I came across this interesting bit of trivia while browsing through a copy of African Wildlife, the regular magazine then of the Wild Life Protection Conservation Society of South Africa which was dated March 1968. AF van Gass had written an article on this intriguing little animal. Bushy-tailed and hairily beautiful, this 'mini-squirrel' lives on nuts, berries and seeds and the occasional cricket or grasshopper.
Being nocturnal, it had not been studied much at the at that time. Perhaps in the years since it has been properly investigated. It was Henry Ford, I believe who said 'history is bunk'. But then, he was a materialistic man, creator of the Ford motorcar and inventor of the soul-deadening conveyor-belt system of manufacturing cars. He had no interest in anything except profit. History defines our places in the world; it makes you belong. Somewhere.
It forms you. In the Karoo where I live, history starts millions of years ago when the place was teeming with mammal-like reptiles. Their fossils, discovered in what was then a huge inland sea, are now painting the picture of their long-ago lives. Graaf-Reinet itself was a meltingpot of people more than two hundred years ago. The 'colonists' who crowded during the last decades of the 18th century were mostly of Dutch origin. They brought with them slaves, who were mostly from the East and of Khoikhoi origin.
No black people lived there then, they were mostly beyond the Fish River. The Great Trek started from there and after 1840 the British Settlers of 1820 moved into the area. My own family was started in the town in 1817 by a Londonborn Scot, who was probably a discharged soldier. Perhaps a deserter. All this just for a perspective on history.
Which brings me to the Kruger Park where history was made over the last half-century. And the half-century prior to that when, through hard experience Stevenson-Hamilton was laying foundations for conservation in South Africa. His book, "South African Eden", published after his retirement in 1946, is part of my travel library and on any one of my frequent tours in South Africa is always a good read in the still bushveld or desert nights.
African Wildlife Treasure
But in those old issues of the African Wildlife there is treasure to be found. More than once I have been told the story about the baboon that acted as a signalman on the Railways. In the February 1948 issue an article on this tale appeared, written by AJ Havers.
He tells that railwayman JE Wide, who had lost both his legs in a railway accident, was given the post of signalman on the Uitenhage junction. At the town market he chanced to see a wagon drawn by sturdy oxen pass by. This was normal but the 'touleier', the person leading the oxen down the street, was amazingly, a baboon! He bought the young animal and taught it many tricks.
It was very intelligent and understood readily; it could undertake tasks that required thought and soon acquired skills. Wide's cottage was a mile and a half from the signal cabin. One of the first tasks the baboon, called Jack, learnt was to push Wide on a small trolley to and from the signal cabin to the cottage.

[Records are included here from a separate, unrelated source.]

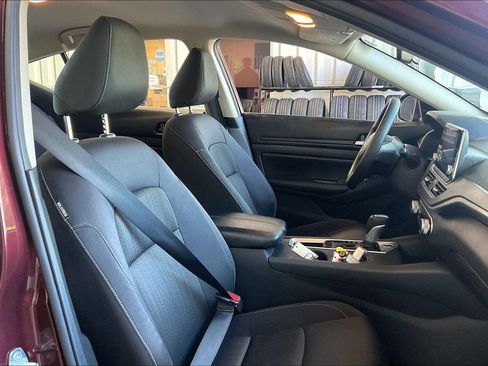Used 2025 Nissan Altima 2.5 SV FWD image 23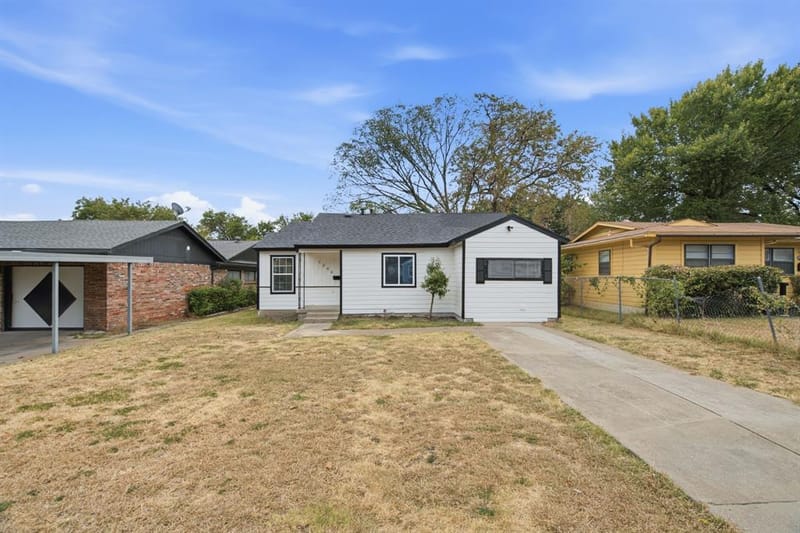 1244 E Mulkey Street, Fort Worth TX 76104 - Photo 4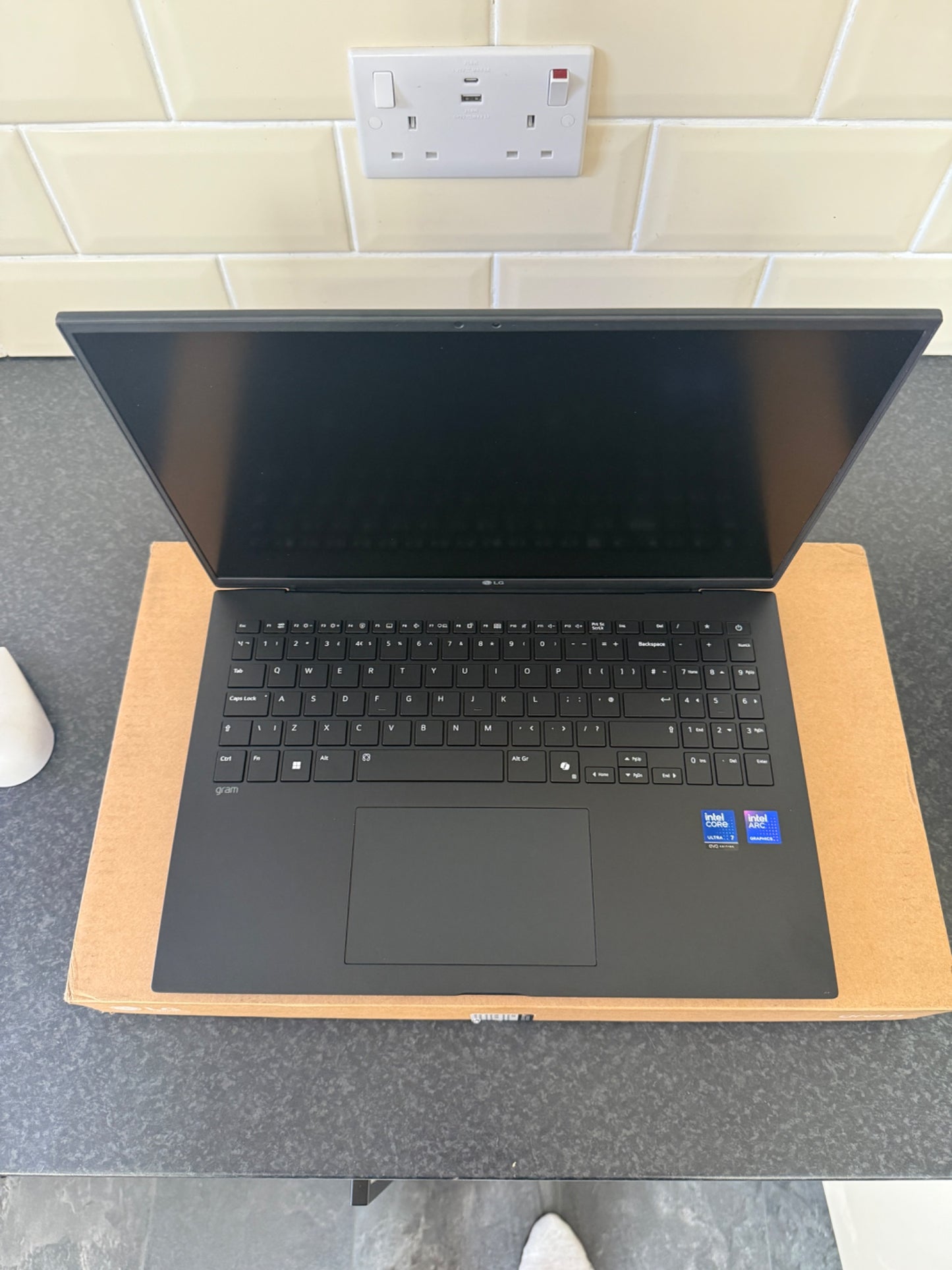 LG Gram 16Z90TL Intel Core Ultra 7 16GB 1TB SSD 16" Laptop Black Wi-Fi 7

He was extraordinarily intelligent and before long, from watching Wide at work, Jack could work the points and pull the right signal leavers. Of course, when passengers found out that a baboon was doing the signals there was a great to do.
But on an inspection railway officials found that Jack was as faithful, punctual and thorough as any human official and he became a servant of the railways. He liked his drink and every week-end he got a half-bottle of brandy which he drank in one long swallow. Thereafter, he would disappear into his box for 24 hours. Little wonder! Jack died of old age in 1890 having served Wide for nine years. The signalman grieved over his clever baboon friend for a long time.
Jack's compatriots in the Kruger Park are likewise short of neither intelligence or assertiveness. In that 1948 issue mention is made of a report by the Warden to the Parks Board about damage to Park staff vegetable gardens by the increasing numbers of baboons, their truculent attitude particularly to children and their killing of fowls and small buck. Nothing has changed. Even today, in spite of even electrified fences baboons get in and and out of camps easily and frequently are a nuisance.
Something else has not changed. In the Kruger Park Times attention has been drawn to those selfish visitors who leave their cars and inconvenience others, often at risk to themselves. In the 1946 report the Parks Board noted that 'an amazing number of tourists showed little or no consideration for fellow tourists and acts of discourtesy were the rule and not the exception. Many were stupid, and dangerous practices were common. The comment at the end of the report appeals to me. "The lions of the Park showed considerable and commendable control under the maximum provocation." Sound familiar?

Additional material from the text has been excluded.